*Supplied entries:*
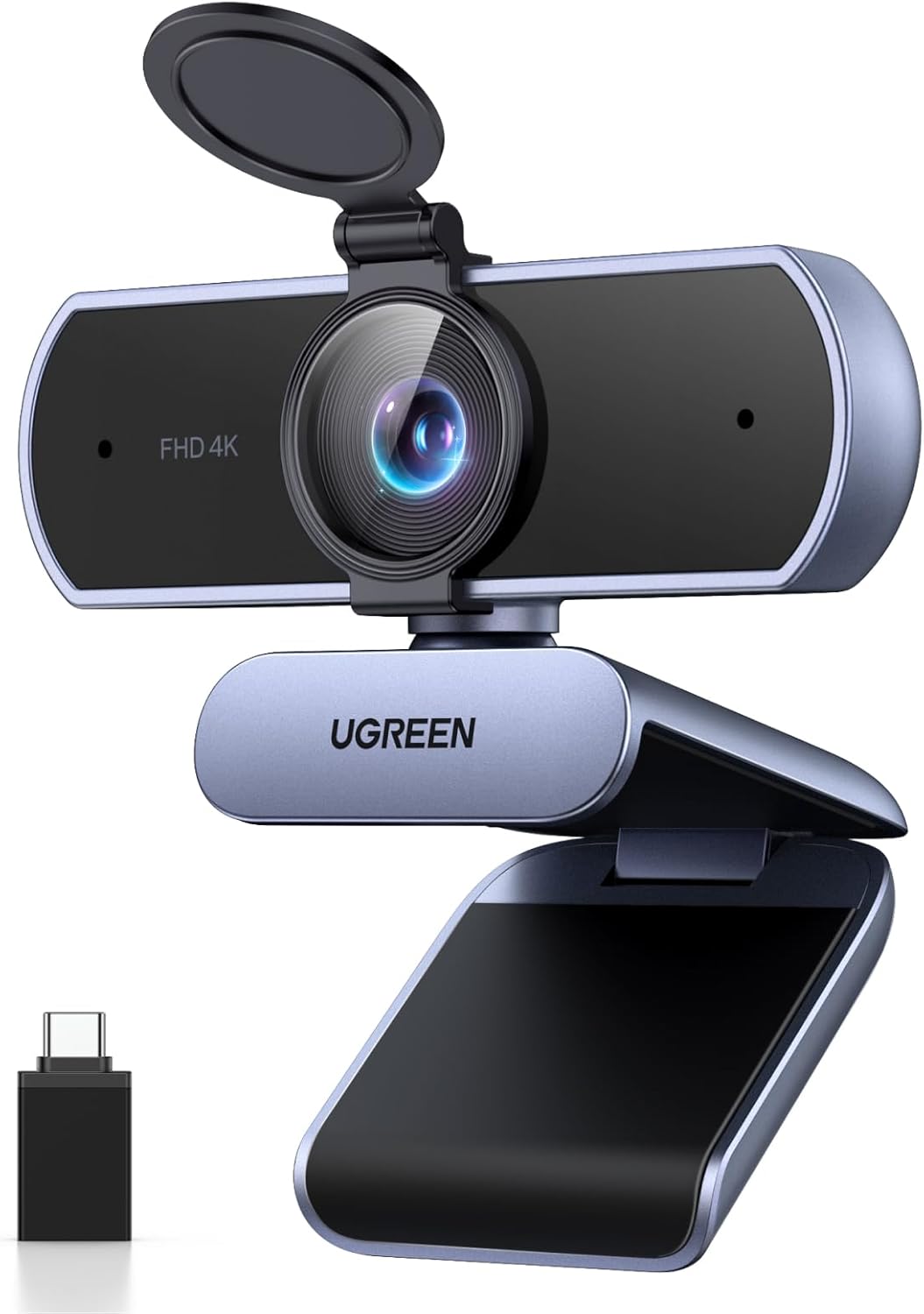 Webcam Ugreen CM831 4K 65381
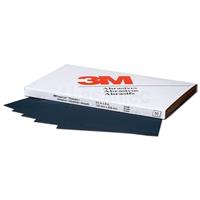 3m magic schuurpapier p1500 50 stuks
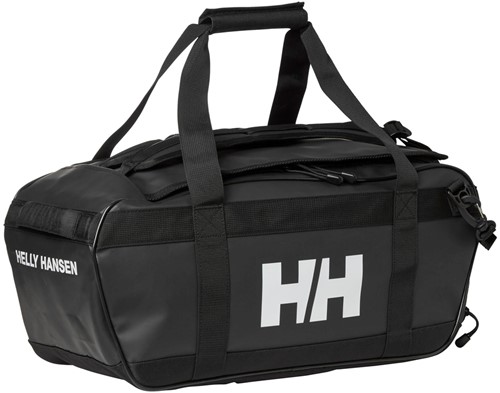 Helly Hansen Scout Duffel 30 Liter Black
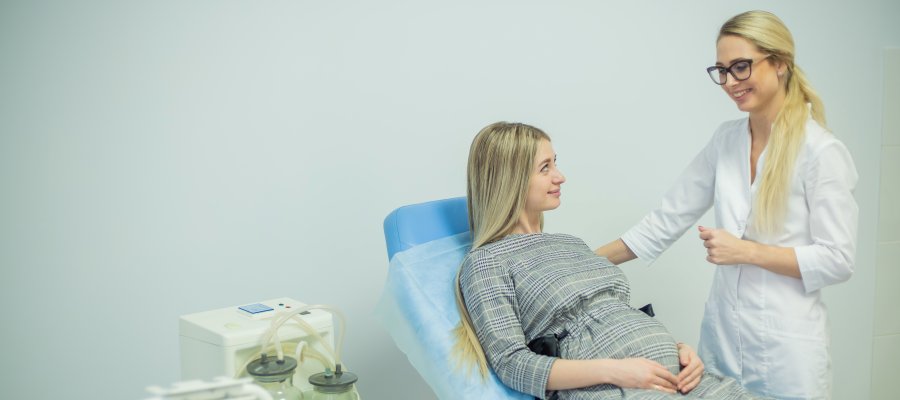 High Risk Pregnancy Management in Houston, TX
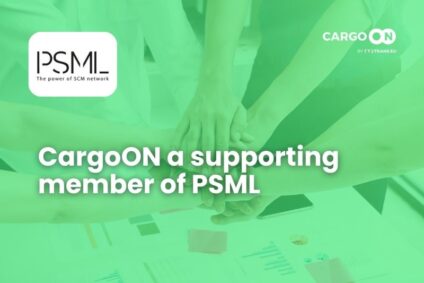 CargoON joined PSML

*Assignment:* Each line of the listing above belongs in the answer exactly as written; the pictures do not.

*Exercise answer:*
 Webcam Ugreen CM831 4K 65381
 3m magic schuurpapier p1500 50 stuks
 Helly Hansen Scout Duffel 30 Liter Black
 High Risk Pregnancy Management in Houston, TX
 CargoON joined PSML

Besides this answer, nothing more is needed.